They say “You don’t get older, you get wiser”. This is that kind of a story. All too often, when I was younger, I was going through the motions, you know what I mean? It might be a hindsight thing, but now I believe three aspects of life were missing from my otherwise wonderful teenage years and young adulthood. The 3 M-words I try to live by now: Mindful, meaningful, and minimal.
The bestselling author and teacher of Buddhist meditation practices Sharon Salzberg once said:
“Mindfulness isn’t difficult, we just need to remember to do it.”
It hits the nail on the head. The first M-word I try to live by is “Mindfulness”. It’s a term that if it were edible, it would be a superfood. Highly praised but barely understood.
What is mindfulness? For me, it means being more aware: More aware of myself, more aware of my surroundings, and more aware of feelings toward the important people in my life.
It starts with the little things. Just consciously breathing, for example. You might laugh, but my Apple Watch taught me that trick. With its “breathe” app and the (sometimes annoying) notifications, I slowly and ironically unconsciously began to take notice of my breathing. It has become a daily habit. A couple of minutes.
Another small, yet powerful detail: Showing appreciation through a simple “thank you”. Putting a smile on someone else’s face with those two short words. It always works. I just remembered the following quote that fits perfectly here:
“A moment of gratitude makes a difference in your attitude.” — Bruce Wilkinson.
Mindfulness also means acknowledging and appreciating all the things and people I have in my life. My belongings, sure, but more so my family, my kids, my wife, the time we have together. Appreciating every hug, every kiss, each meaningful gesture. This ties in beautifully with M-word number two.
Meaningful can mean a lot of the same as mindful does, or it can be something else entirely. A famous quote by Indian philosopher Osho sums it up nicely:
“Life in itself has no meaning. Life is an opportunity to create meaning.”
Going through the motions… my words in the first paragraph. It’s the opposite of living “meaningfully”, in Osho’s and — as it turns out — my book.
“Meaningful” can mean a lot of things: Doing meaningful work, or working to create meaning. Having meaningful conversations, or converse meaningfully.
To me, the takeaway has been: The work I enjoy, the passion I pursue is done to create meaningful content. For me and hopefully for others. I wish to someday have done meaningful work. It might not be work in the traditional “9-to-5” office job sense, but rather things like having raised my kids in a meaningful manner, or looking back at my life and being satisfied with and gracious for the accomplishments.
What’s the point of all if all is not the point? Just as “mindful” and “meaningful”, the third M-word means very much… or very little. The American author of novels for children and young adults Jackie French Koller wrote:
“There are two ways to be rich: One is by acquiring much, and the other is by desiring little.”
I’ve tried to chase the former.

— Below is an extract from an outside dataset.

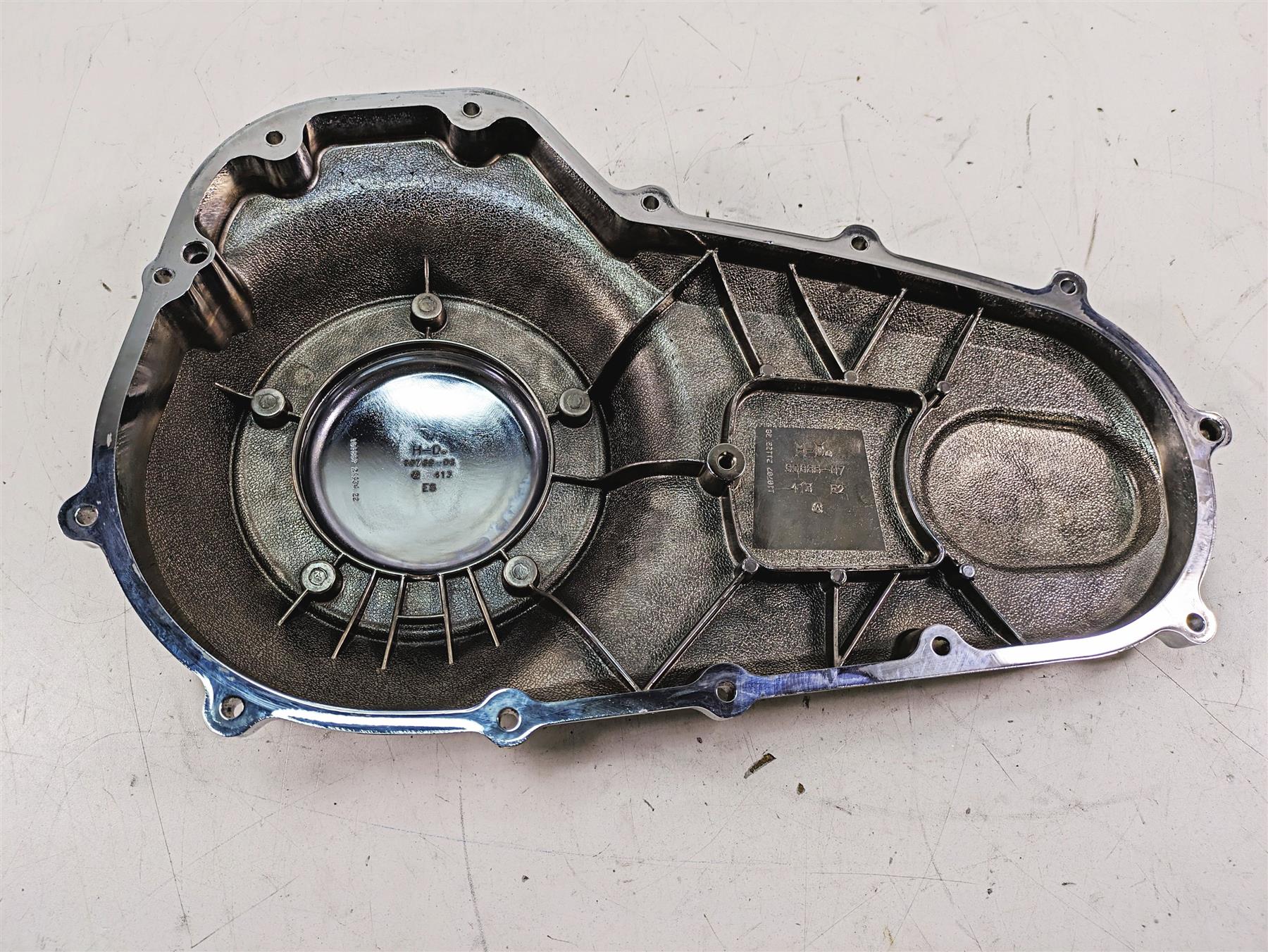 2008 Harley FLHTCU Electra Glide Outer Primary Drive Clutch Cover 60685-07 - Image 9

It’s the latter that’s more difficult. As “minimalism” has become a trendy term, the origin of this life lesson is often forgotten. While I apply minimal principles to different aspects of my physical life — like my wardrobe, my home, or my digital space — it’s the mental aspect that counts. “Desiring little” is, in this sense, synonymous with “less is more” or “having what you need”.
Out of the three M-words, “minimal” is — in the age of consumerism — the most difficult to master. It is for me at least. Luckily, it builds upon mindfulness and meaningfulness. It’s “mindful” to not buy everything right there and then. It’s “meaningful” to make that decision. The outcome is “minimal”. With this mental three-step process, I’ve been approaching numerous decisions in recent years. While I failed a few times, I’ve prevalently succeeded.
Let’s quickly recap what the 3 M-words mean to me and how they might work for you:
- Mindful: Acknowledging and appreciating your life’s accomplishments as they happen.
- Meaningful: Take action, but try to do it meaningfully.
- Minimal: Don’t strive for “acquiring much”, rather shoot for “desiring little”.
Maybe getting wiser means exactly that: Becoming more mindful, more meaningful, and more minimal in your decisions. Or you could be laughing when you’re 60 years old. About the illusions of a “young” mind. Either way, I’m taking these life lessons as I go towards 40. And I’m hanging onto them until something or someone wiser comes along.